*Work to complete*: Take the material below and output exactly the run of lines from the one containing "Durdle Door" down to the one containing "Foto 999bc326-ecd8-490c-9c98-7c49da8ba9d3. Terreny", with both included.

[[ Provided data open ]]

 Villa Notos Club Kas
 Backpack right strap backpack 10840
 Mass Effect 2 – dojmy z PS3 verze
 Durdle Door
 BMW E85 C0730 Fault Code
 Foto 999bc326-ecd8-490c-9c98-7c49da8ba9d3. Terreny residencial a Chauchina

[[ Provided data closed ]]
[[ Provided data open ]]

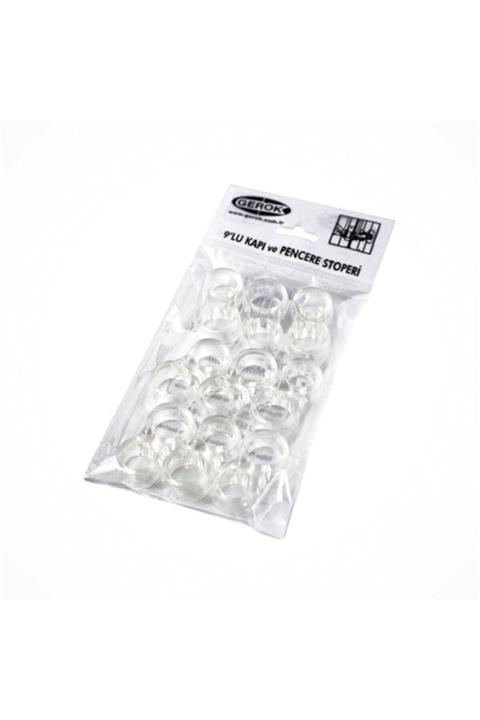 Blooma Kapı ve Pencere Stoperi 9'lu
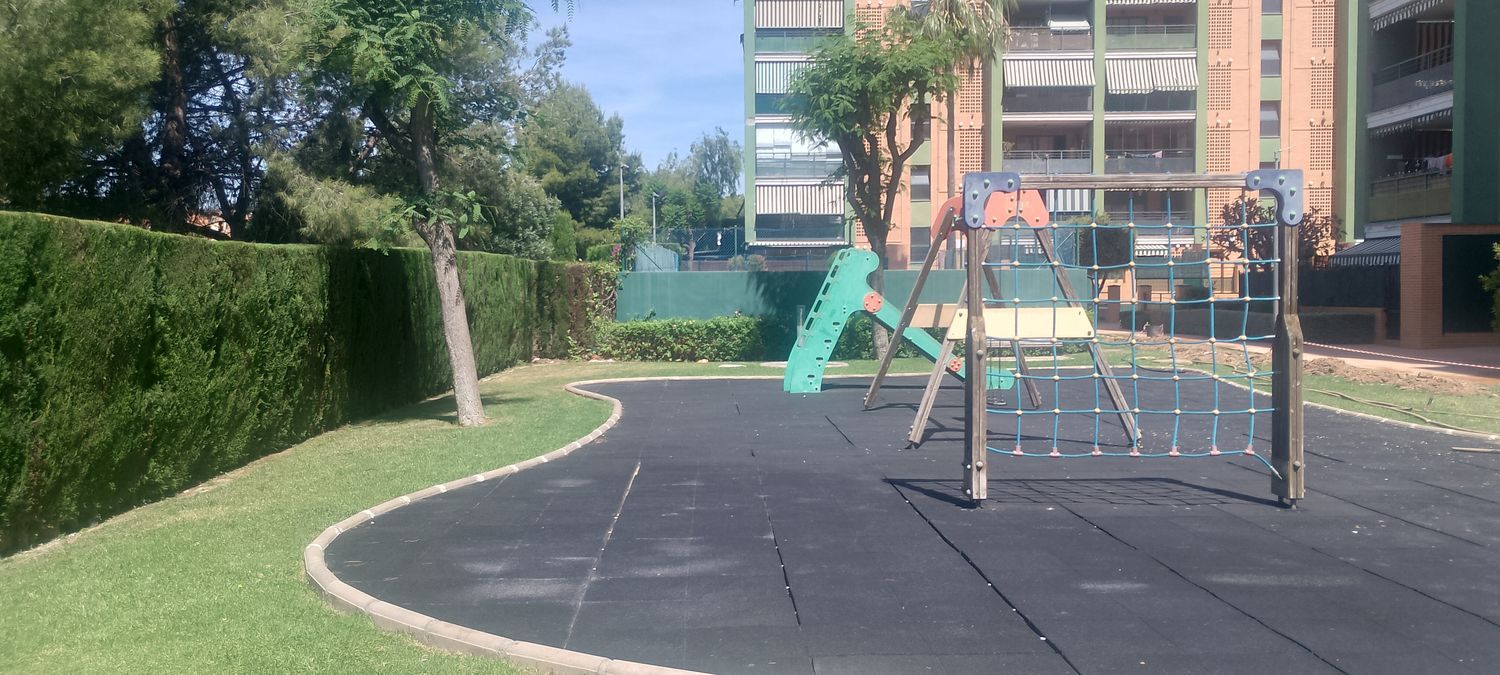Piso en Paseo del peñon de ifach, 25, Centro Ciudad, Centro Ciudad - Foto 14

[[ Provided data closed ]]

*Worked solution*:
 Durdle Door
 BMW E85 C0730 Fault Code
 Foto 999bc326-ecd8-490c-9c98-7c49da8ba9d3. Terreny residencial a Chauchina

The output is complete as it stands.